10.3.07

Um jantar, ossos e liberdade criativa

Neste exato momento estão subindo os créditos de “Adivinhe quem vem para jantar”, o clássico de 1967 que fez de Sidney Poitier um astro, coroou mais uma vez as carreiras de Spencer Tracy e Katherine Hepburn e trouxe para a tela grande do mainstream a questão racial em technicores muito além do preto e branco.

A despeito de ser um ótimo filme, atual até mesmo no ritmo (que é normalmente o grande empecilho para a maioria das pessoas não-acostumadas ao cinema clássico e viciadas nos fliperamas atuais) e das atuações “actor´s studios” primorosas, ele é um dos grandes exemplos do roteiro planejado de cima abaixo para atingir seus objetivos, isto é, passar uma mensagem específica.

Protagonista, antagonista, situação, influências externas, personalidades, todas são montadas minuciosamente para, no discursivo (na época era necessário) gran-finale, ninguém ficar na dúvida sobre a moral da história.

Preste atenção: nada é coincidência ou acaso. Cada caracter é parte do quebra-cabeça. Cada profissão ou opinião é simbólica. Não fica uma farpa injustificada em todo o filme.

Isso normalmente nasce daquilo que eu comparo com a montagem de um aeromodelo dramático: colocamos a estrutura, acrescentamos motores, laterais, rodas, pintura, hélice, gasolina e só depois botamos o troço para funcionar.

Se você está aqui sabe que eu escrevo. Muito. De tudo. Mas eu escrevo de outra maneira. E, sem desmerecer o roteirista de “Adivinhe...” ou quase todos os seus colegas atuais do cinemão, eu considero uma forma de escrever muito pouco orgânica para o meu gosto.

Eu estudo vida. Meus paralelos quanto ao que chamo de orgânico Vs o mecanizado, automático, robótico são imensos. O esqueleto surgiu na evolução muito depois dos primeiros corações batendo. A pele surgiu depois da respiração. As cores vieram depois da digestão. A vida uterina já funciona quando nem a chamamos assim ainda.

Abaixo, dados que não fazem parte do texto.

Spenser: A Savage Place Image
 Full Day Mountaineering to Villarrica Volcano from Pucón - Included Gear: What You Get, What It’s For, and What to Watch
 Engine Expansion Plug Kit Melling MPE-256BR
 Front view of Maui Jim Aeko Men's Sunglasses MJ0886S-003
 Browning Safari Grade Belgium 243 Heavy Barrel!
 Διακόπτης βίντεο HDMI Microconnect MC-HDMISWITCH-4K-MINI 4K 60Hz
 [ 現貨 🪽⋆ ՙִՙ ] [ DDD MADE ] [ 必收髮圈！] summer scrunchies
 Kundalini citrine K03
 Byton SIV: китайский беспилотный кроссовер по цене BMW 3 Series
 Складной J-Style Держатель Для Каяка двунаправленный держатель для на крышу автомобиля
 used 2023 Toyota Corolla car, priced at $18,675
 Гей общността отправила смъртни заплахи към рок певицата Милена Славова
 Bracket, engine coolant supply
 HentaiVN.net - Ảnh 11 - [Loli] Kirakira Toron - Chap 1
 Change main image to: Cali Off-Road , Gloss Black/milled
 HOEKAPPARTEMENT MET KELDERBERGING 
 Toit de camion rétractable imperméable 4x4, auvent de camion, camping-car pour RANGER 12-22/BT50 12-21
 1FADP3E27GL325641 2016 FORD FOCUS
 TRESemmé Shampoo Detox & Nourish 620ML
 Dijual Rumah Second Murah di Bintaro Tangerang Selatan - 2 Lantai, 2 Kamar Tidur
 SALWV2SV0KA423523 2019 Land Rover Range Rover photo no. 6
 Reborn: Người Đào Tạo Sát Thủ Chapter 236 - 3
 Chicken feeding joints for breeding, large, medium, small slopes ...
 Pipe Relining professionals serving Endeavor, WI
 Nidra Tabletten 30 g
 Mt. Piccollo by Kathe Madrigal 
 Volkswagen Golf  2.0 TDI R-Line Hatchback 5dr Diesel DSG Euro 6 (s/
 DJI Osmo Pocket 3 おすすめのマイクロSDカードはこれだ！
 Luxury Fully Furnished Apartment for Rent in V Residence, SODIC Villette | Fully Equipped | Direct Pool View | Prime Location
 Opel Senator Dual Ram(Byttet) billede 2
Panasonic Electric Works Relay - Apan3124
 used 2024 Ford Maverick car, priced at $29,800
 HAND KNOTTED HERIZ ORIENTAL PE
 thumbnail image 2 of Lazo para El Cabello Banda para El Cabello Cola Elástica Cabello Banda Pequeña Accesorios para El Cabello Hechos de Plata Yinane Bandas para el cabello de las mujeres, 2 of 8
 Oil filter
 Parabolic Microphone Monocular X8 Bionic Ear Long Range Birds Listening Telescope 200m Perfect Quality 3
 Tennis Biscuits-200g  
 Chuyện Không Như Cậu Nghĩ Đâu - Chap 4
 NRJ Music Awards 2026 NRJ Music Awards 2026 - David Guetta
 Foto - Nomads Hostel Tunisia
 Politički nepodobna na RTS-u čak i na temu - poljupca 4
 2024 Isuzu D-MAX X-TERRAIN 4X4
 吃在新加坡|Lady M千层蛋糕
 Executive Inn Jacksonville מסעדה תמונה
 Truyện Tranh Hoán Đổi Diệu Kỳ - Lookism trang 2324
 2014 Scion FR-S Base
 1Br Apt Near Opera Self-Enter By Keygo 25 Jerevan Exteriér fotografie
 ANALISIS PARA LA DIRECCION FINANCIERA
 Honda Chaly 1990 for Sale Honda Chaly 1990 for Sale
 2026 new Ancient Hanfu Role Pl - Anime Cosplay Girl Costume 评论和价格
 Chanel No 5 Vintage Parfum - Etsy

As histórias nascem em caldeirões de protoplasma, sangue e ossos. Elas pulsam e cheiram mal e soltam sujeira pelo carpete. Seus personagens brotam do solo humoso como vermes já independentes, cegos e simples, comendo, babando e respirando.

O esqueleto aparece depois.

Quando começo a escrever, estou nadando na liberdade. Os fatos, o que aconteceu com aqueles personagens pulsa e se lança contra minha consciência. Arremetem até se esgarçar contra as paredes da lógica. Quando o caos primordial passa, e tudo já está lá, e a história já respira por conta própria e consegue se sustentar, se alimentar e interagir com o ambiente externo, tirando dele o que precisa e jogando o que já digeriu, é só então que aparece-lhe esqueleto, pele, músculos. E o verme começa a caminhar para ser um ente complexo.
Histórias nascem nas mentes, não são montadas como máquinas.